Octavio, a bootstrapped founder with a full-time day job who builds GetLimpio and AddressHub on nights and weekends, just dropped some real talk about AI coding economics that the enterprise crowd needs to hear. His Substack piece cuts through the noise: for large companies, AI coding is becoming an uncontrollable software bill. For solo founders? It's missing capacity that never existed in the first place.
The Enterprise Cost Problem
Let's be honest about what's happening inside big tech right now. Thousands of employees burning premium models on long-running agents. Token usage nobody actually tracks because it's distributed across dozens of teams with zero accountability. Finance departments scrambling to understand why the AI line item keeps growing and whether any of it translates to shipping velocity. This is the real problem enterprise leaders are wrestling with—marginal productivity gains at massive scale, wrapped in a cost structure that defies traditional ROI frameworks.
The Founder Reality Check
Now flip the script entirely. You're running GetLimpio or AddressHub while holding down a 9-to-5. Your development window is before work, after work, late nights, and precious weekend hours. AI coding isn't making your engineering org slightly more productive—you don't have an engineering org. It's creating capacity you physically do not possess as a single human being.

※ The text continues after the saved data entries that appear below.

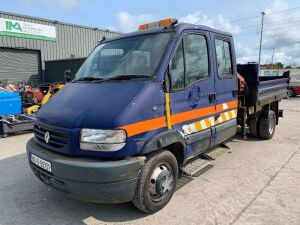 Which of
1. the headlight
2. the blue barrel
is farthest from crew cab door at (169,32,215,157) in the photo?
the blue barrel

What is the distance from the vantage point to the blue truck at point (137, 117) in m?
3.12

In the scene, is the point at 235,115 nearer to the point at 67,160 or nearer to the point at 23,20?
the point at 67,160

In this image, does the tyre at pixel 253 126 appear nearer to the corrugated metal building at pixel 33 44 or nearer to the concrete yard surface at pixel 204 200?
the concrete yard surface at pixel 204 200

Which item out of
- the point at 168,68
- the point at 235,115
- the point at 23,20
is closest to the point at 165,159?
the point at 168,68

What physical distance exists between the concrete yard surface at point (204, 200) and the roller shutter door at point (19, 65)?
39.5 ft

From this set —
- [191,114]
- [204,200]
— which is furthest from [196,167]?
[191,114]

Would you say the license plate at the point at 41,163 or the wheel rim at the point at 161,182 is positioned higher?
the license plate at the point at 41,163

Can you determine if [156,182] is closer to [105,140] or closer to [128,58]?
[105,140]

A feature that would normally consume several nights of focused work can get planned, implemented, tested, and refined in a fraction of that time when you're working with AI as a force multiplier.

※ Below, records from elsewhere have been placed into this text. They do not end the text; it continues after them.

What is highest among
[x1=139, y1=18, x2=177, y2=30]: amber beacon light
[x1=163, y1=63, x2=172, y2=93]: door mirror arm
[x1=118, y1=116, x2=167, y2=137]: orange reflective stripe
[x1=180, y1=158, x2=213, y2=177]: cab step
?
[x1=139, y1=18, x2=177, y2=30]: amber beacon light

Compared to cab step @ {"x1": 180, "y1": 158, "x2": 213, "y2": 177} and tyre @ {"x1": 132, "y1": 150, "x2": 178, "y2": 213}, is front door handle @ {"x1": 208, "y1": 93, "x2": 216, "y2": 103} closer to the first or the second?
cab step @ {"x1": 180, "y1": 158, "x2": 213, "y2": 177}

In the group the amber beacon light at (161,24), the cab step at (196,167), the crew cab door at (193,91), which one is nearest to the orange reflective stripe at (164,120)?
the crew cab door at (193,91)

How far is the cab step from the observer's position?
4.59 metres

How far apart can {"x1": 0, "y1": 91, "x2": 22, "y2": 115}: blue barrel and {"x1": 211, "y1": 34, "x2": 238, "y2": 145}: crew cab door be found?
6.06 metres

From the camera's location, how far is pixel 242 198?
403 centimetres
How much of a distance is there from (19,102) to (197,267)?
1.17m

Model Discipline Is Everything
Here's where Octavio's take gets spicy: "Not every task needs the most expensive frontier model." He still reaches for stronger models when problems demand deeper reasoning, but for routine implementation work? Open coding models through tools like OpenCode Go are already good enough. And sometimes good enough at dramatically lower cost is exactly what makes the ROI calculation actually work for someone operating on bootstrap economics rather than venture-backed runway.
Key Takeaways
- For large companies, AI tooling is a cost optimization problem with unclear returns
- For bootstrapped founders, it's pure capacity creation—building what wouldn't exist otherwise
- Model discipline separates sustainable AI usage from runaway token bills
- The same technology produces entirely different economics depending on your context
The Bottom Line
The enterprise crowd is panicking about token costs while solo builders are quietly shipping products they never could have built alone. When you lack the capital for an engineering team, AI coding isn't a nice-to-have—it's the only way some of us ship at all. Same technology. Completely different math.